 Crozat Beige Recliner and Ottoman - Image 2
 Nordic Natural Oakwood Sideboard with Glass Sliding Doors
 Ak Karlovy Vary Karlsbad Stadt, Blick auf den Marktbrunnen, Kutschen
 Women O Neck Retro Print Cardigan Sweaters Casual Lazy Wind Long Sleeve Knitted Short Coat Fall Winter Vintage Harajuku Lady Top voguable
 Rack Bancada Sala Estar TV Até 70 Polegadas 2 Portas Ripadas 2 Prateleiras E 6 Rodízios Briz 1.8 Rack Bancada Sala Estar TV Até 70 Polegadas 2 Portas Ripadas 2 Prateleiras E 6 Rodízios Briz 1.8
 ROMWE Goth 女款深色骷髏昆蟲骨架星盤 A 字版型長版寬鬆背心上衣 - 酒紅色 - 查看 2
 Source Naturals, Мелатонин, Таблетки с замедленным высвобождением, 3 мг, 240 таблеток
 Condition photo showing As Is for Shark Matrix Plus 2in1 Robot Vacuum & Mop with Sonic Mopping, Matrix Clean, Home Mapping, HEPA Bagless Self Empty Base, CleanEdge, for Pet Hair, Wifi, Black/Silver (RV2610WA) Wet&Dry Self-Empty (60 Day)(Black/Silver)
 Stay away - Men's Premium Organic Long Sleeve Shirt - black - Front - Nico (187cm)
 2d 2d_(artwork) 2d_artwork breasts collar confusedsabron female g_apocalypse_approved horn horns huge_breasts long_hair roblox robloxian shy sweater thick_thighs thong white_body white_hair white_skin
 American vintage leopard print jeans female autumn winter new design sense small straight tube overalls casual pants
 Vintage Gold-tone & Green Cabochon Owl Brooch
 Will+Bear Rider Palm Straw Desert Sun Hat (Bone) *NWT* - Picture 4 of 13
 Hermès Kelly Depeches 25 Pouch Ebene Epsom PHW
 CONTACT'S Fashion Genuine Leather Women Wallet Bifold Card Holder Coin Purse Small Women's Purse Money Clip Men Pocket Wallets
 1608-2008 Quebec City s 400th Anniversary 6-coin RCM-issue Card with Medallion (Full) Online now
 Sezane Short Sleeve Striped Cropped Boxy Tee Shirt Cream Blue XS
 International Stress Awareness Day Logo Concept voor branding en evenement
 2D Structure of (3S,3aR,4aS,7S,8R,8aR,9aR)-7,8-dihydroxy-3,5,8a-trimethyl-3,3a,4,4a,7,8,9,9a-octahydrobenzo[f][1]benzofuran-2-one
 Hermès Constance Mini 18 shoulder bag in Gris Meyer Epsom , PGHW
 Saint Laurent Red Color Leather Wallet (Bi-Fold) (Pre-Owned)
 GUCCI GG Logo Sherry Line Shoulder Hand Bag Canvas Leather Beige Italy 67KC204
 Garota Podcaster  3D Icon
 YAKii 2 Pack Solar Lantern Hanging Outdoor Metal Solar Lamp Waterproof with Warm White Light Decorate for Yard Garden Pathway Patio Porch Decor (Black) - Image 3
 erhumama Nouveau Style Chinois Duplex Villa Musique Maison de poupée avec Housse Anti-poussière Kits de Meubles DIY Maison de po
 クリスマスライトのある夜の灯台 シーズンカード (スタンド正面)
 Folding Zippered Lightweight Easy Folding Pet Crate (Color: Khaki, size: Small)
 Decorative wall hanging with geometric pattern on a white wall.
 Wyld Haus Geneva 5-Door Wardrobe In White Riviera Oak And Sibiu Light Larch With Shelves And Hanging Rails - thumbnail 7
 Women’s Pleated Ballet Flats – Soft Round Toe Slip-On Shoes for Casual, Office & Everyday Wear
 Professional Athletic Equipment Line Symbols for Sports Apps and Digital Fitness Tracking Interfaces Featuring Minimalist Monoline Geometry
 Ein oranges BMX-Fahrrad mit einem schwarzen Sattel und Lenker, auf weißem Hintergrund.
+ + + + + + +
# [Aim of the task]
Above are records; repeat only the lines starting at the line with "Source Naturals, Мелатонин, Таблетки" and ending at the line with "Sezane Short Sleeve", exactly as they appear, both included.

# [Answer to the problem]
 Source Naturals, Мелатонин, Таблетки с замедленным высвобождением, 3 мг, 240 таблеток
 Condition photo showing As Is for Shark Matrix Plus 2in1 Robot Vacuum & Mop with Sonic Mopping, Matrix Clean, Home Mapping, HEPA Bagless Self Empty Base, CleanEdge, for Pet Hair, Wifi, Black/Silver (RV2610WA) Wet&Dry Self-Empty (60 Day)(Black/Silver)
 Stay away - Men's Premium Organic Long Sleeve Shirt - black - Front - Nico (187cm)
 2d 2d_(artwork) 2d_artwork breasts collar confusedsabron female g_apocalypse_approved horn horns huge_breasts long_hair roblox robloxian shy sweater thick_thighs thong white_body white_hair white_skin
 American vintage leopard print jeans female autumn winter new design sense small straight tube overalls casual pants
 Vintage Gold-tone & Green Cabochon Owl Brooch
 Will+Bear Rider Palm Straw Desert Sun Hat (Bone) *NWT* - Picture 4 of 13
 Hermès Kelly Depeches 25 Pouch Ebene Epsom PHW
 CONTACT'S Fashion Genuine Leather Women Wallet Bifold Card Holder Coin Purse Small Women's Purse Money Clip Men Pocket Wallets
 1608-2008 Quebec City s 400th Anniversary 6-coin RCM-issue Card with Medallion (Full) Online now
 Sezane Short Sleeve Striped Cropped Boxy Tee Shirt Cream Blue XS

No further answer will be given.